Dataset definition

class datarobot.helpers.feature_discovery.DatasetDefinition

Dataset definition for the Feature Discovery

Added in version v2.25.

Variables:
  • identifier (str) – Alias of the dataset (used directly as part of the generated feature names)

  • catalog_id (Optional[str]) – Identifier of the catalog item

  • catalog_version_id (str) – Identifier of the catalog item version

  • primary_temporal_key (Optional[str]) – Name of the column indicating time of record creation

  • feature_list_id (Optional[str]) – Identifier of the feature list. This decides which columns in the dataset are used for feature generation

  • snapshot_policy (Optional[str]) – Policy to use when creating a project or making predictions.

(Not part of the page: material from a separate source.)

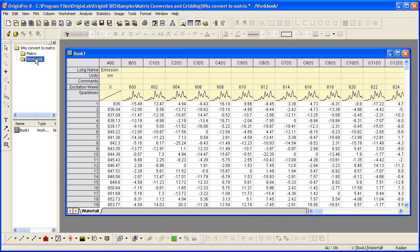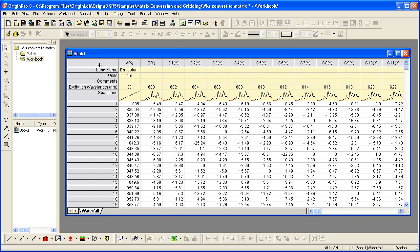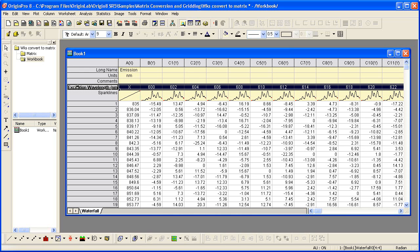We begin with a worksheet that has excitation emission data typical in spectroscopy. The excitation wavelength is stored in a user-defined column label row by that name. A double click on the column label row edge will auto-size so we can read the full name. In this example, it is this row that stores the X values. But your data could have been imported such that the values were in the long name or comments, and that row could have been used as well.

If omitted, by default endpoint will use ‘latest’. Must be one of the following values: ‘specified’: Use specific snapshot specified by catalogVersionId ‘latest’: Use latest snapshot from the same catalog item ‘dynamic’: Get data from the source (only applicable for JDBC datasets)

Examples

import datarobot as dr
dataset_definition = dr.DatasetDefinition(
    identifier='profile',
    catalog_id='5ec4aec1f072bc028e3471ae',
    catalog_version_id='5ec4aec2f072bc028e3471b1',
)

dataset_definition = dr.DatasetDefinition(
    identifier='transaction',
    catalog_id='5ec4aec1f072bc028e3471ae',
    catalog_version_id='5ec4aec2f072bc028e3471b1',
    primary_temporal_key='Date'
)